In this project, we will evaluate the performance and predictive power of a model that has been trained and tested on data collected from homes in suburbs of Boston, Massachusetts. A model trained on this data that is seen as a good fit could then be used to make certain predictions about a home's monetary value.
The dataset for this project originates from the UCI Machine Learning Repository. The Boston housing data was collected in 1978 and each of the 506 entries represent aggregated data about 14 features for homes from various suburbs in Boston, Massachusetts.
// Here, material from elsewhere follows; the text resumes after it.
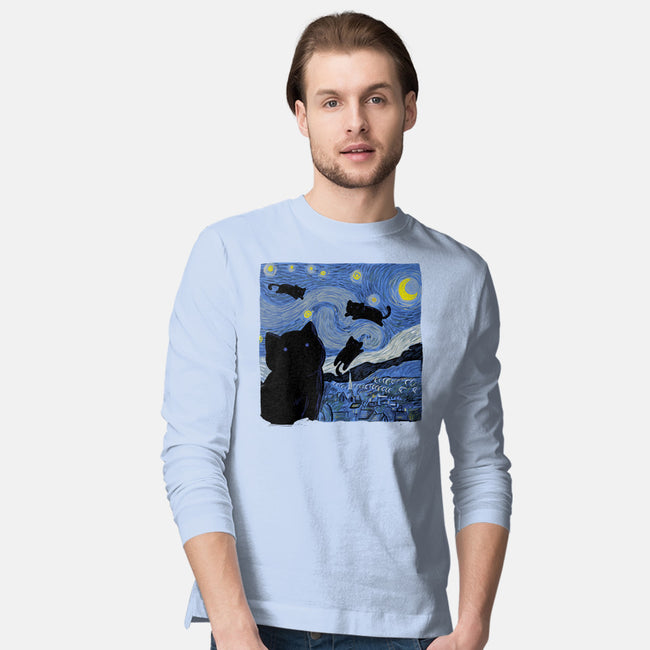 The Starry Cat Night-mens long sleeved tee-tobefonseca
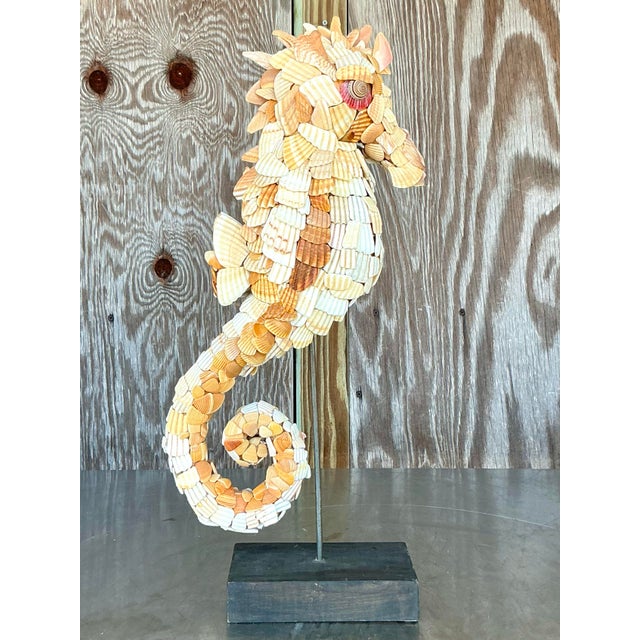 Wood Vintage Coastal Shell Encrusted Sea Horse For Sale - Image 7 of 8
For the purposes of this project, the following preprocessing steps have been made to the dataset:
- 16 data points have an 'MEDV' value of 50.0. These data points likely contain missing or censored values and have been removed.
- 1 data point has an 'RM' value of 8.78. This data point can be considered an outlier and has been removed.
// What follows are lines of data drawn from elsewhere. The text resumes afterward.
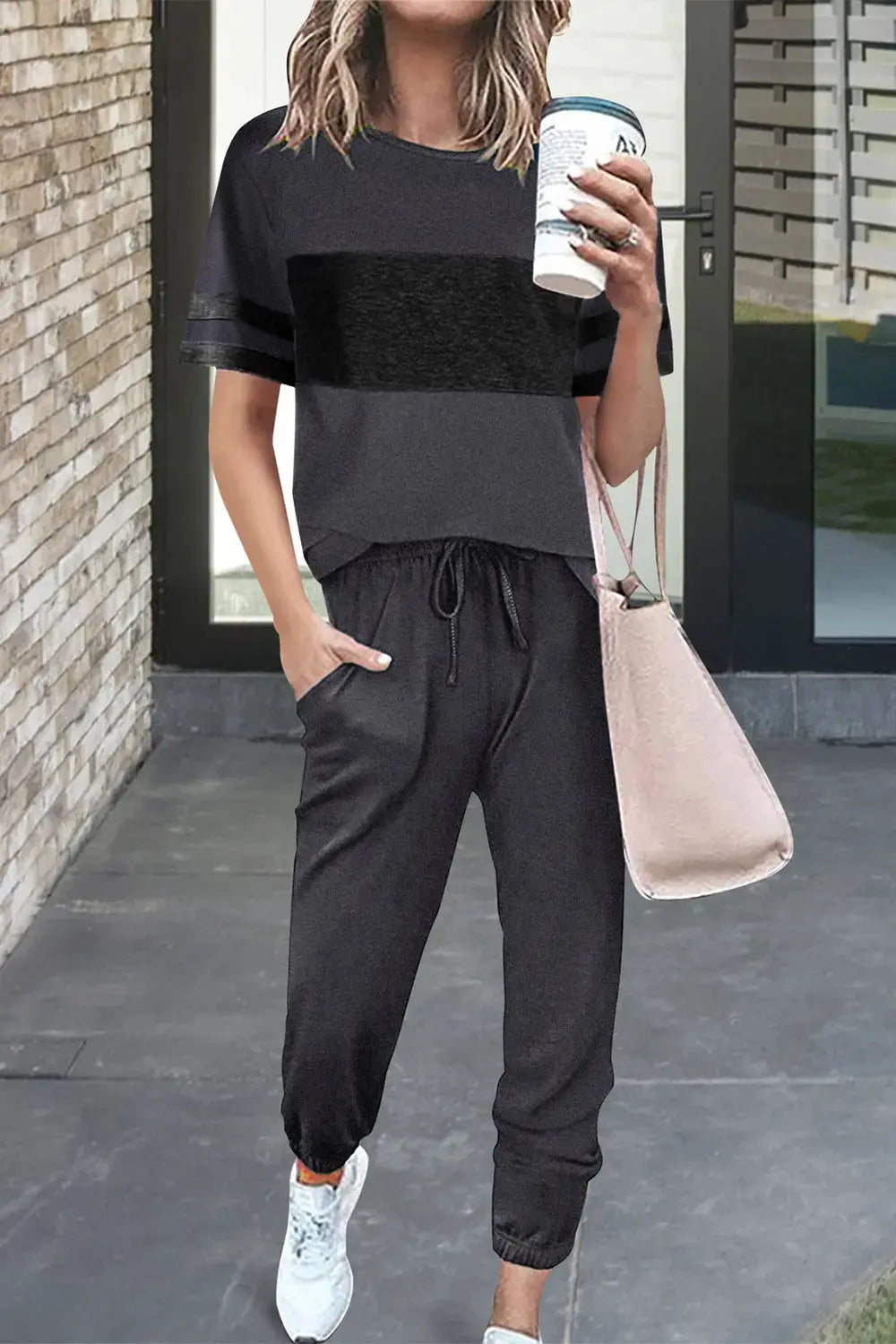 PRETTYGARDEN Women's Two Piece Lounge Sets Spring Summer Jogger Pants Vacation Outfits Travel Airplane Matching Clothes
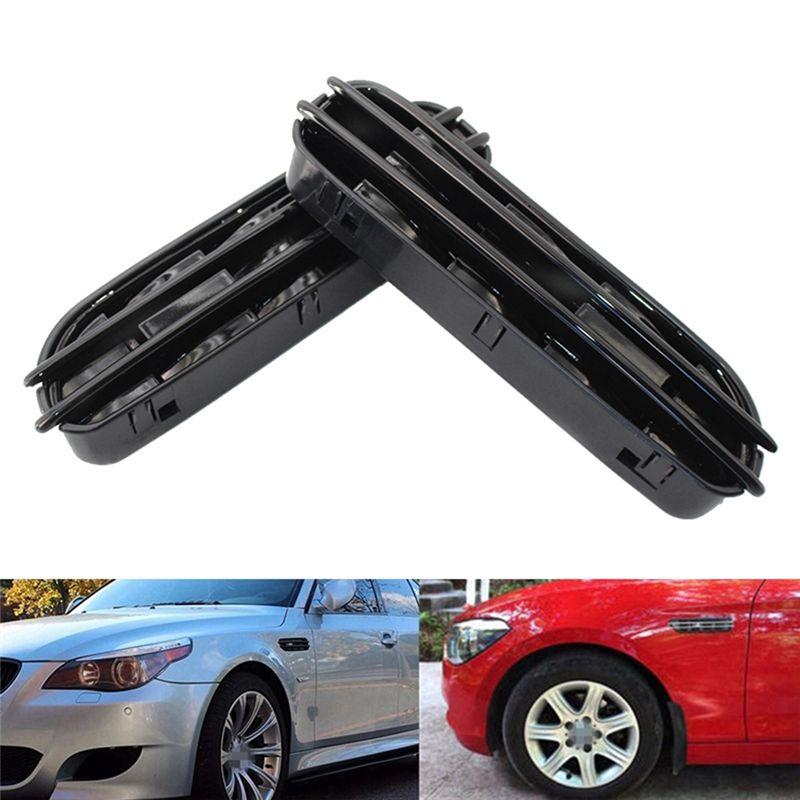 A30F-1Pair Car Side Wing Fender Air Flow Vents Grille Grill For BMW E60/E61 E39 M5 Glossy Black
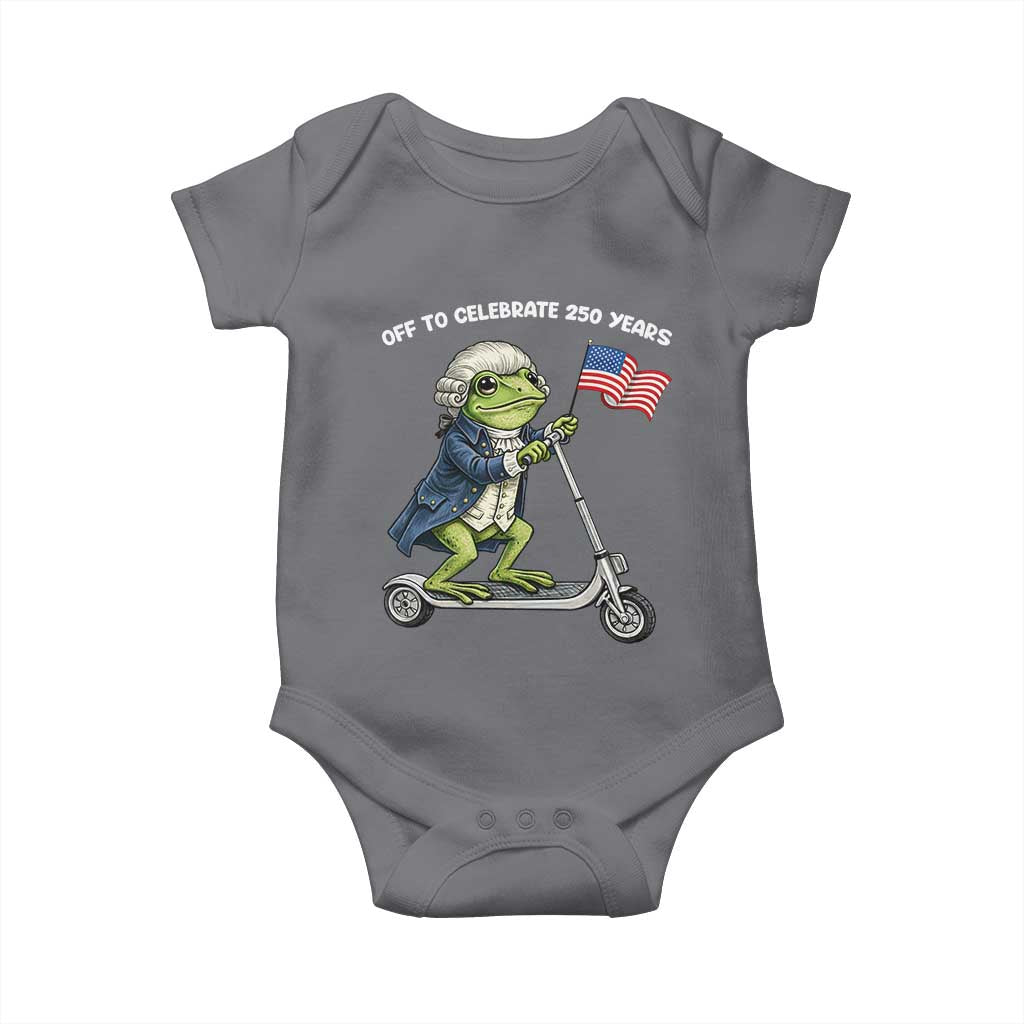 Funny Patriotic Frog Baby Onesie Off To Celebrate 250 Years Of Freedom TS12 Charcoal Print Your Wear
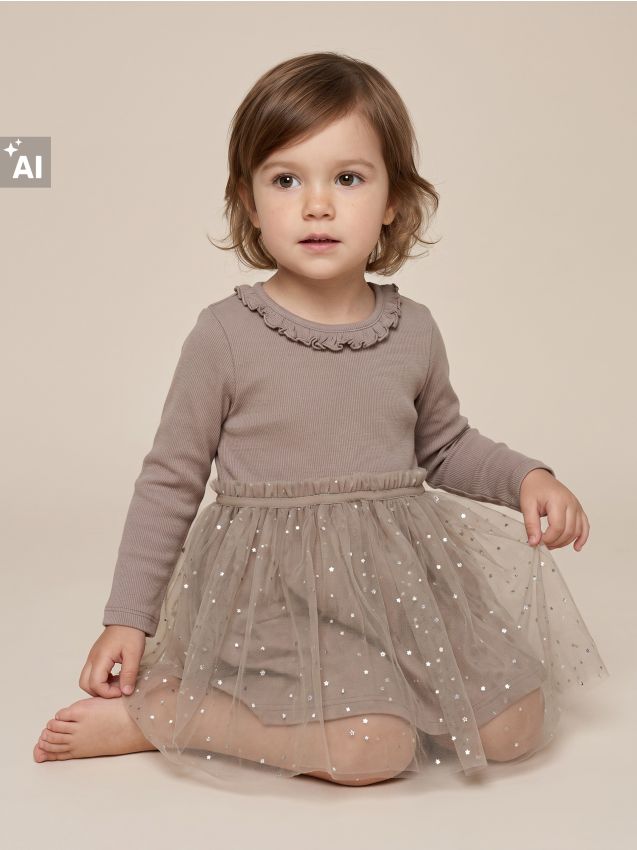 Sinsay - Rochie din bumbac cu tul și volane - gri-maroniu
- The features 'RM', 'LSTAT', 'PTRATIO', and 'MEDV' are essential. The remaining non-relevant features have been excluded.
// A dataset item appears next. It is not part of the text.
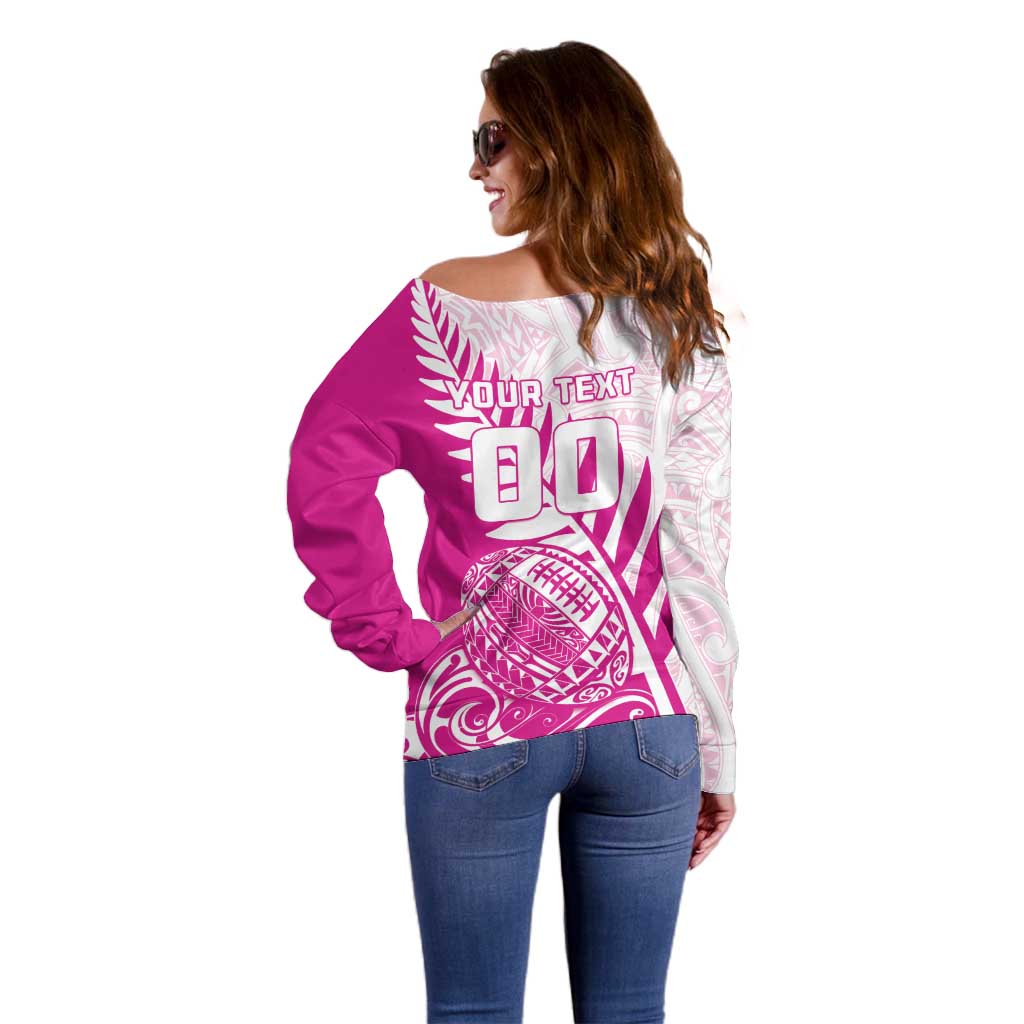 Custom New Zealand Rugby Silver Fern Off Shoulder Sweater Aotearoa Maori Pink Version - Polynesian Pride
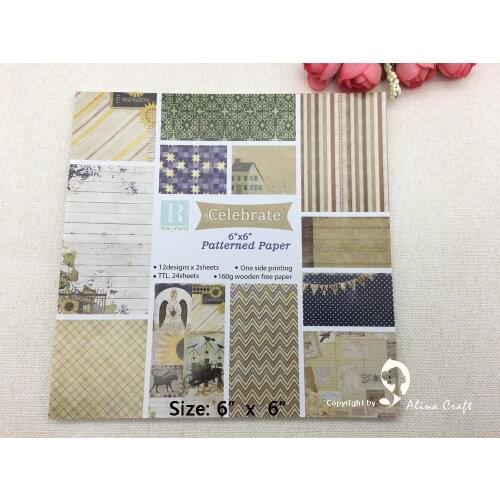 AlinaCraft 24 sheet 6"X6" celebrate patterned paper Scrapbooking paper pack handmade craft paper craft Background pad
- The feature 'MEDV' has been multiplicatively scaled to account for 35 years of market inflation.
We'll start with the reading in the data, and separating the features and prices for homes into different pandas dataframes.
# Import libraries necessary for this project
import numpy as np
import pandas as pd
from sklearn.cross_validation import ShuffleSplit
# Import supplementary visualizations code visuals.py
import visuals as vs
# Pretty display for notebooks
%matplotlib inline
# Load the Boston housing dataset
data = pd.read_csv('housing.csv')
prices = data['MEDV']
features = data.drop('MEDV', axis = 1)
# Success
print "Boston housing dataset has {} data points with {} variables each.".format(*data.shape)
In this section, we will make a cursory investigation about the Boston housing data.
Since the main goal of this project is to construct a working model which has the capability of predicting the value of houses, we have separated the dataset into features and the target variable. The features, 'RM', 'LSTAT', and 'PTRATIO', give us quantitative information about each data point. The target variable, 'MEDV', will be the variable we seek to predict. These are stored in features and prices, respectively.
We'll start with calculating some descriptive statistics about the Boston housing prices.
# Minimum price of the data
minimum_price = np.min(prices)
# Maximum price of the data
maximum_price = np.max(prices)
# Mean price of the data
mean_price = np.mean(prices)
# Median price of the data
median_price = np.median(prices)
# Standard deviation of prices of the data
std_price = np.std(prices)
# Show the calculated statistics
print "Statistics for Boston housing dataset:\n"
print "Minimum price: ${:,.2f}".format(minimum_price)
print "Maximum price: ${:,.2f}".format(maximum_price)
print "Mean price: ${:,.2f}".format(mean_price)
print "Median price ${:,.2f}".format(median_price)
print "Standard deviation of prices: ${:,.2f}".format(std_price)
# Output
Statistics for Boston housing dataset:
Minimum price: $105,000.00
Maximum price: $1,024,800.00
Mean price: $454,342.94
Median price $438,900.00
Standard deviation of prices: $165,171.13
To dive a bit deeper int our data, we are using three features from the Boston housing dataset: 'RM', 'LSTAT', and 'PTRATIO'. For each data point (neighborhood):
- 'RM' is the average number of rooms among homes in the neighborhood.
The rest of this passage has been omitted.